Task details:
Make a tally of the lines in the records that include the string "dream", and give only that number.

(Extracted data entries)

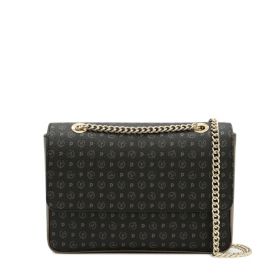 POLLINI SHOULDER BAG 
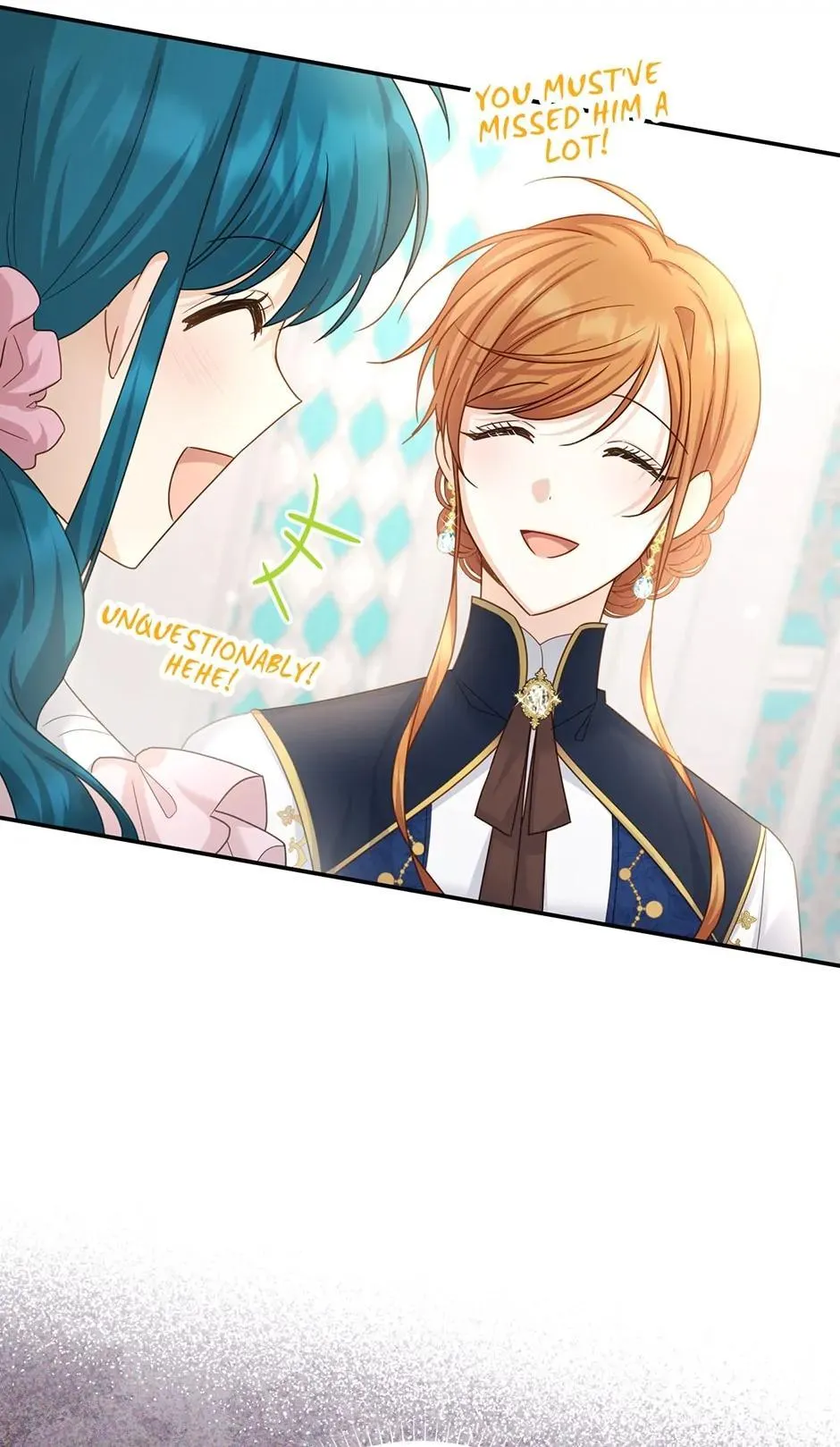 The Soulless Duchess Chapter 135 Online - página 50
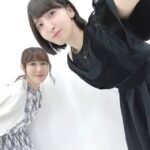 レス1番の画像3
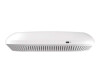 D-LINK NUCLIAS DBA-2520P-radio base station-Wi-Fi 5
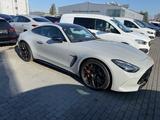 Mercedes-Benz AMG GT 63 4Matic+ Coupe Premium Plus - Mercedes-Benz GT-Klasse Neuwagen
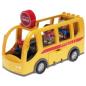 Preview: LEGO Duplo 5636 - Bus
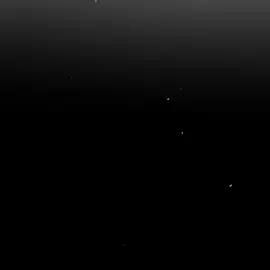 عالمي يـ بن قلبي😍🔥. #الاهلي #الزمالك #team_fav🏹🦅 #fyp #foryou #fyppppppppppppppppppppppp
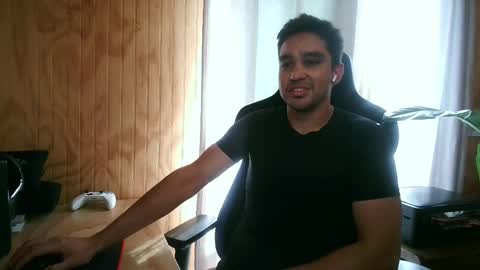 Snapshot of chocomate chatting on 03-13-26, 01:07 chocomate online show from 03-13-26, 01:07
--
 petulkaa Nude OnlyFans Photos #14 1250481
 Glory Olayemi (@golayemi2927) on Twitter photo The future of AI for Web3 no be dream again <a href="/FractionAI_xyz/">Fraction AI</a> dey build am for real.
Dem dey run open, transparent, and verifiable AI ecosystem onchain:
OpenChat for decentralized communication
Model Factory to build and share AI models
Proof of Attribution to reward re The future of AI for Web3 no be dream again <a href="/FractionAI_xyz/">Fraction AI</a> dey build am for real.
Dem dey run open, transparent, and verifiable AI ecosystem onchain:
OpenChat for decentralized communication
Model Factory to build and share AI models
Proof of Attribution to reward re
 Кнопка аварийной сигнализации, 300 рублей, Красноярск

Solution to this problem:
2